TASK ITEM ▸ Below this line are records; write out exactly the lines from the one containing "Used Nio ES6" through the one containing "AUDI A4 2016", with the pictures left out.

SUPPLIED ENTRIES ▸
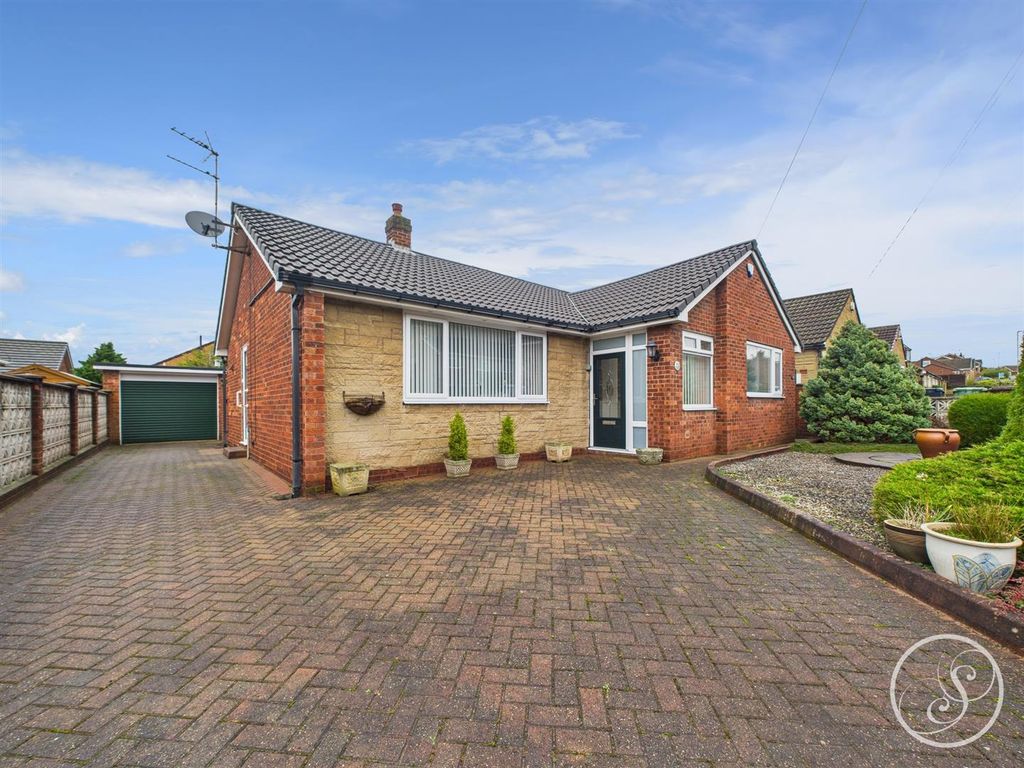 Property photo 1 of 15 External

...

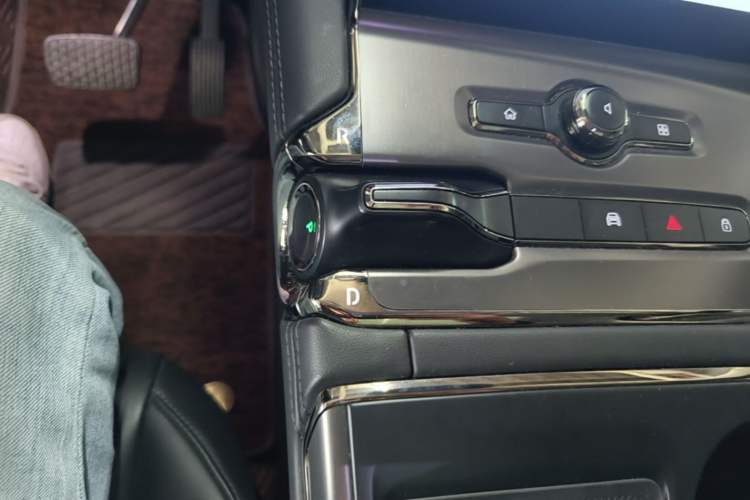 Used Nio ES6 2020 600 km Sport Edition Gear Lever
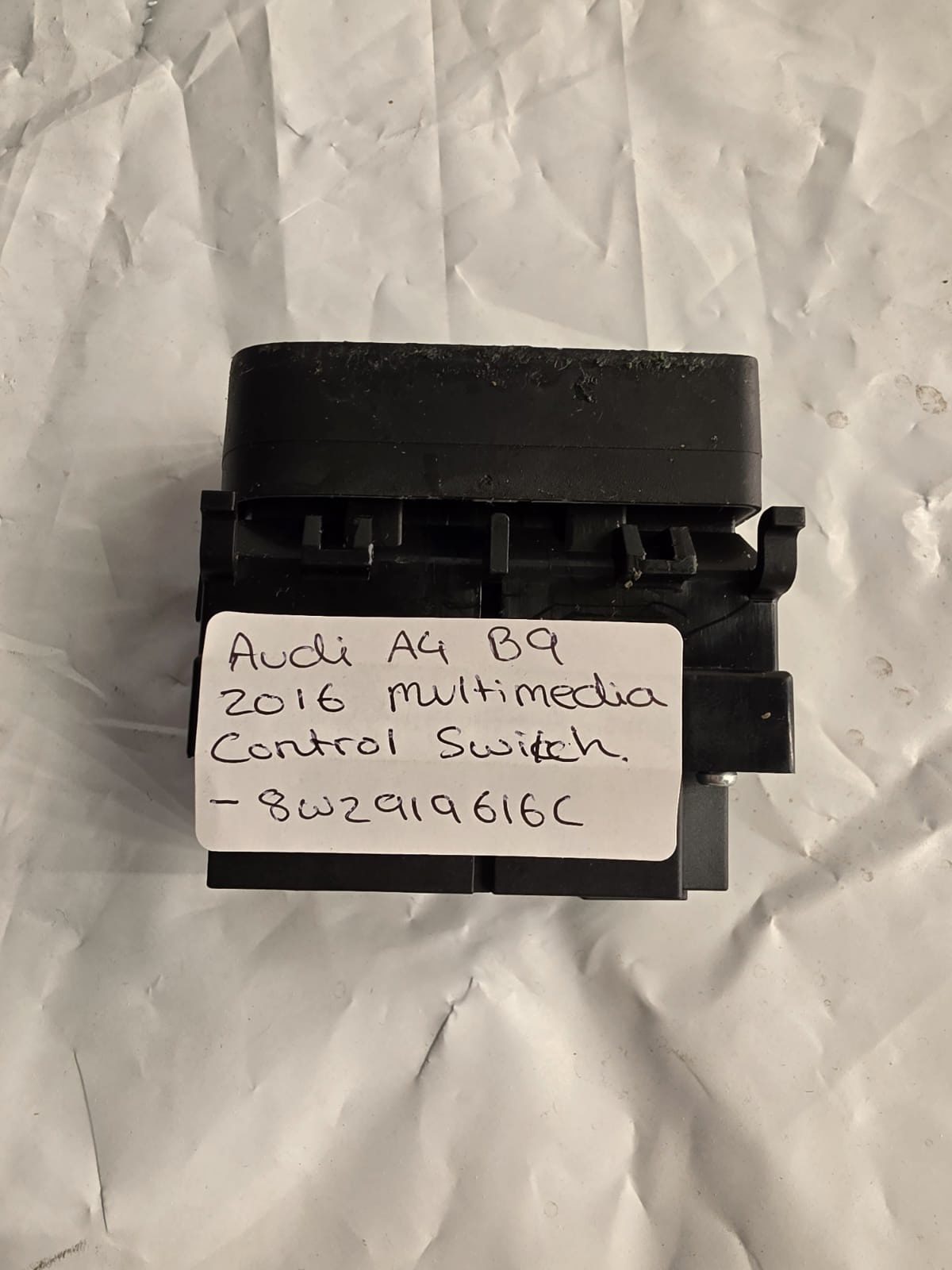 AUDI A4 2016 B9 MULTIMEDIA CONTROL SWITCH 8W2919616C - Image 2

ANSWER SPACE ▸
 Used Nio ES6 2020 600 km Sport Edition Gear Lever
 AUDI A4 2016 B9 MULTIMEDIA CONTROL SWITCH 8W2919616C - Image 2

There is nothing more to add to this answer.